Plan for a restart at rotation time. Real live-rotation hooks are tracked under the operator-credentials follow-ons memo.

Don't destroy the old version immediately. Receipts signed under it are still verifiable against its public key for the lifetime of any external verifier that cached it. Use az keyvault key set-attributes to disable rather than destroy when you're done.

10. What this does NOT change

The Azure Key Vault Signer is a custody swap, not a protocol swap. None of these change when you adopt it:

  • Receipt canonical bytes, topology semantics, constitution evaluator, enforcement loop, operator credentials.
  • Yutha's logs — only thing that moves is where the key bytes live.

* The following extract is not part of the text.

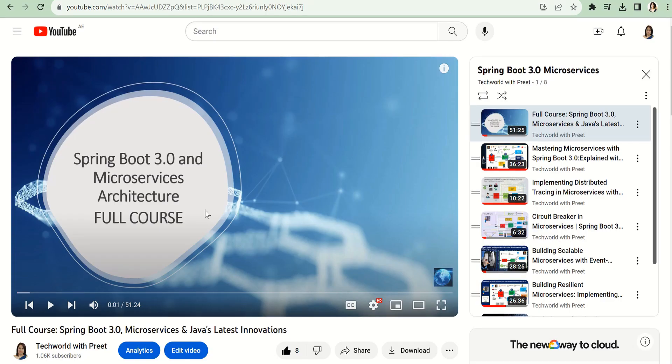If you want to learn more on how to implement these features of Spring Boot 3.0, I have created a full course on Spring Boot 3.0 using microservices and the latest Java innovations. So stay tuned to watch this course.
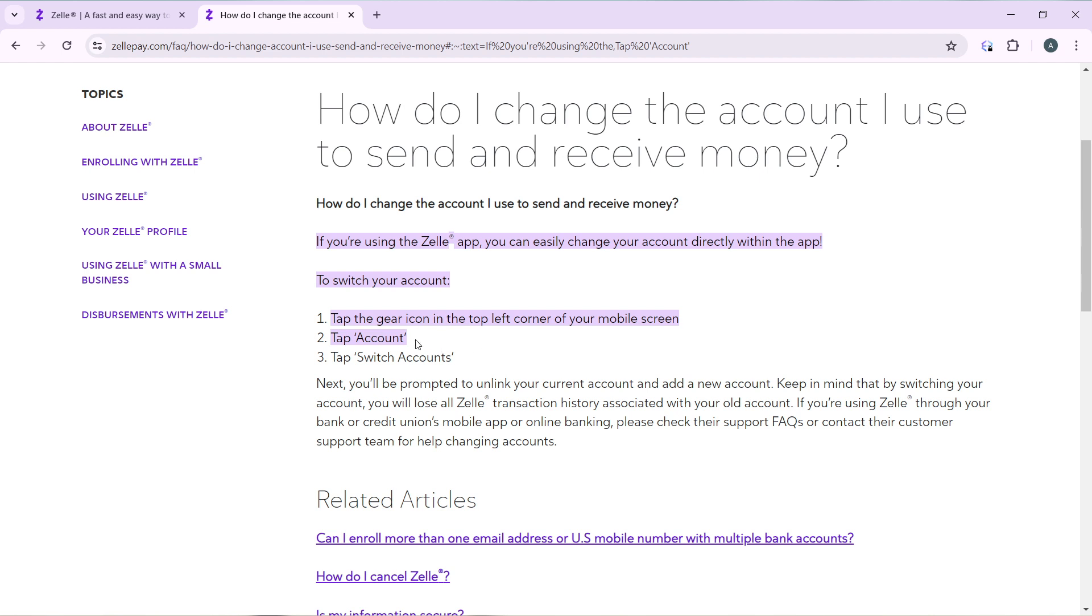...is to tap the gear icon in the top left corner of your mobile screen. Once you do that, click on Accounts. It's going to take you through a couple of options. Once you select Accounts, you're going to see more options and one of them includes Switch Accounts.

The only differences an observer would see externally: ~50–150 ms extra signing latency, and one Managed HSM audit entry per signing event.

What's next

  • GCP KMS or HashiCorp Vault: the sibling crates yutha-signer-gcp-kms and yutha-signer-vault follow the same connect-and-sign pattern with their own walkthroughs.
  • AWS KMS: not supported in v1; AWS KMS does not have native Ed25519. Use the Vault Signer walkthrough on AWS.
  • Attestor: signing custody (this doc) is one of two enterprise-identity seams. The other is identity verification via SPIFFE/SPIRE or OIDC, landing in Phase E / F.